On Sun, Jan 19, 2025 at 12:43:51 -0300, Eduardo M KALINOWSKI wrote:
> Em 19/01/2025 08:57, David escreveu:
> > On Sun, 19 Jan 2025 at 02:51, Default User <hunguponcont...@gmail.com> 
> > wrote:
> > > time sudo rsync -aHSxvvv --human-readable --delete --numeric-ids --
> > > info=progress2,stats2,name2 --
> > > exclude={"/dev/*","/proc/*","/sys/*","/tmp/*","/run/*","/mnt/*","/media
> > > /*","/lost+found"} /media/user/DRIVE1/ /media/user/DRIVE2/ ; date
> > 
> > In fact the manpage says: "--exclude options take one rule/pattern each",
> > as I have shown above, which is not what you have.
> 
> That's a shell feature, it will expand to multiple --exclude options.

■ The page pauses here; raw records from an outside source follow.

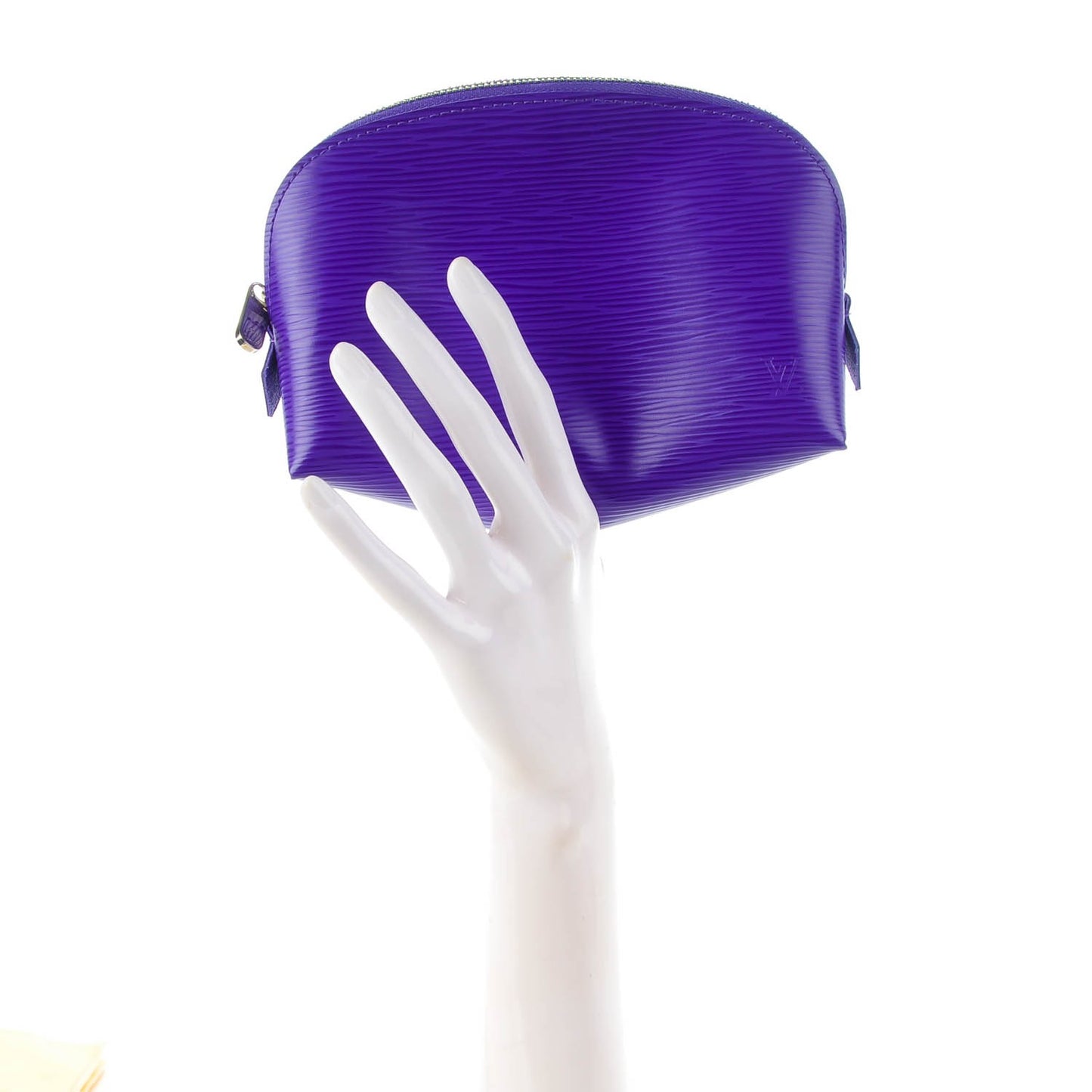 Epi Cosmetic Pouch Figue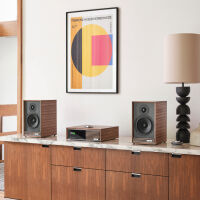 Ruark Audio R610 (orzech). Zintegrowany system muzyczny. - 15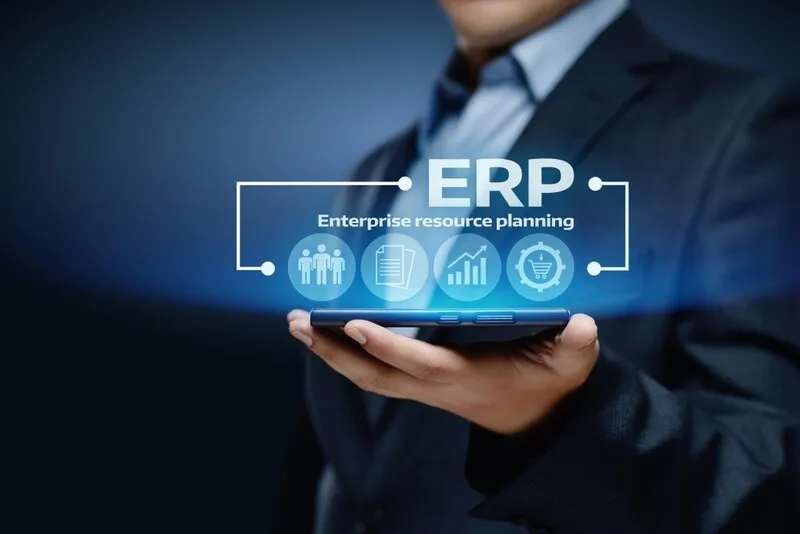 ERP sales software ERP plays an indispensable role in business today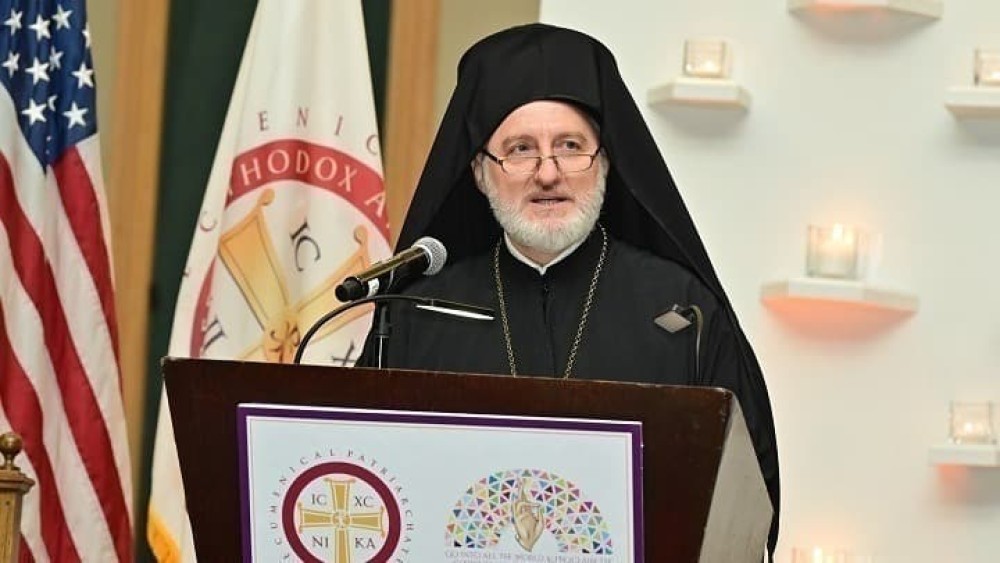 Αρχιεπίσκοπος Ελπιδοφόρος: Στόχος η συγκέντρωση 500.000 δολαρίων για τους σεισμοπαθείς σε Τουρκία και Συρία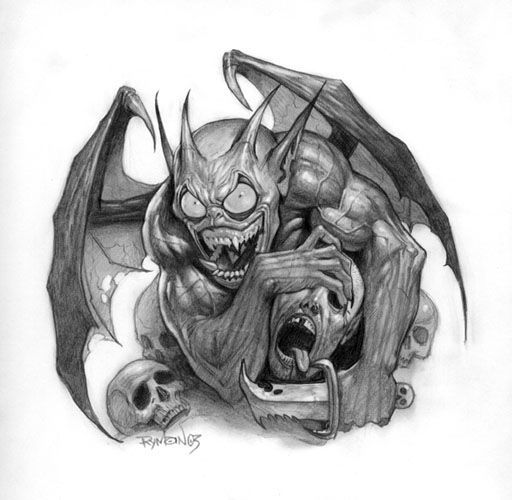 D mon Dessin Demon d-mon-dessin-demon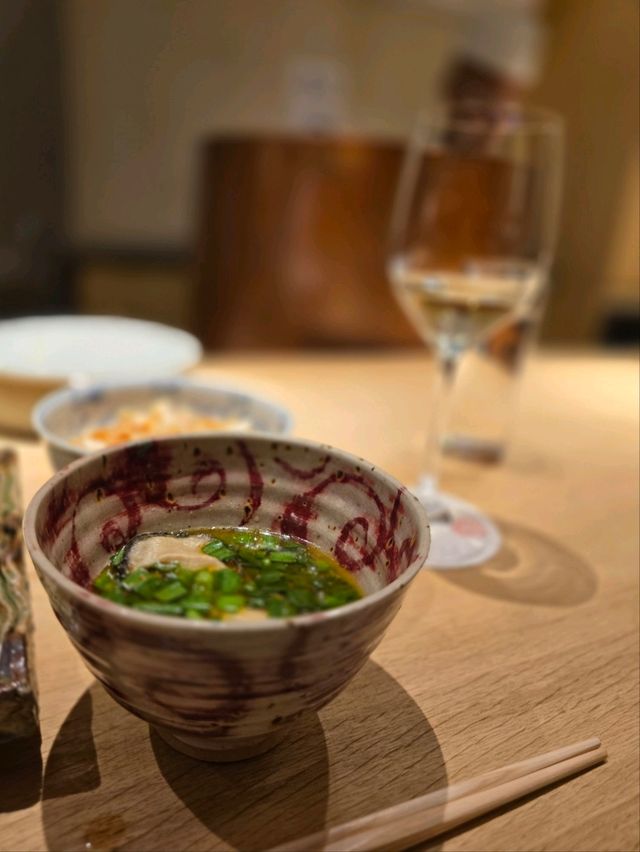 해외여행 삿포로 오마카세 튀김맛집 天ぷら成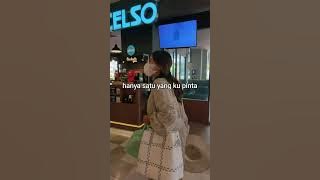 Adista- mencoba untuk setia (Lirik)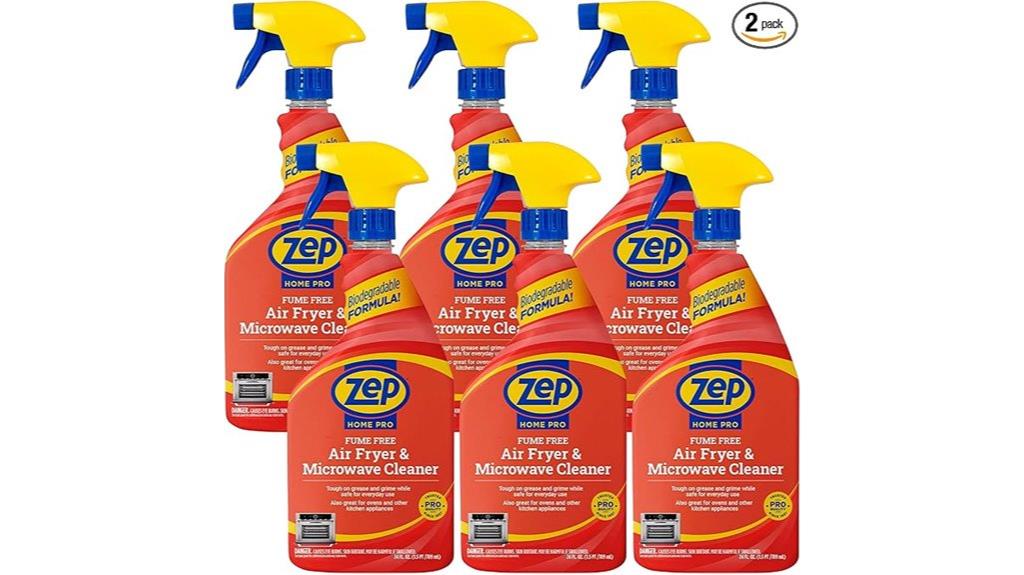 kitchen appliance cleaning set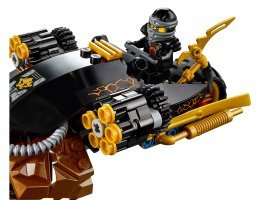 70733 - Blaster Bike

It's called brace expansion, if you're looking for it in the bash manual.
In this case, it could be written more concisely:

    --exclude=/{dev,proc,sys,tmp,run,mnt,media}/\* --exclude=/lost+found

The only character that needs to be quoted is the *, so there's no
need to include all those extra double quotes.  The starting and ending
slash, and the ending *, are common to all the patterns except for
/lost+found, so those can be moved outside of the braces.  Then, since

> And for those specific exclusions (except /lost+found), --one-file-system is
> probably even better, unless there is a second filesystem mounted somewhere
> inside /media/user/DRIVE1 (which seems unlikely).

They might have separate /var and /usr or something.  Who knows.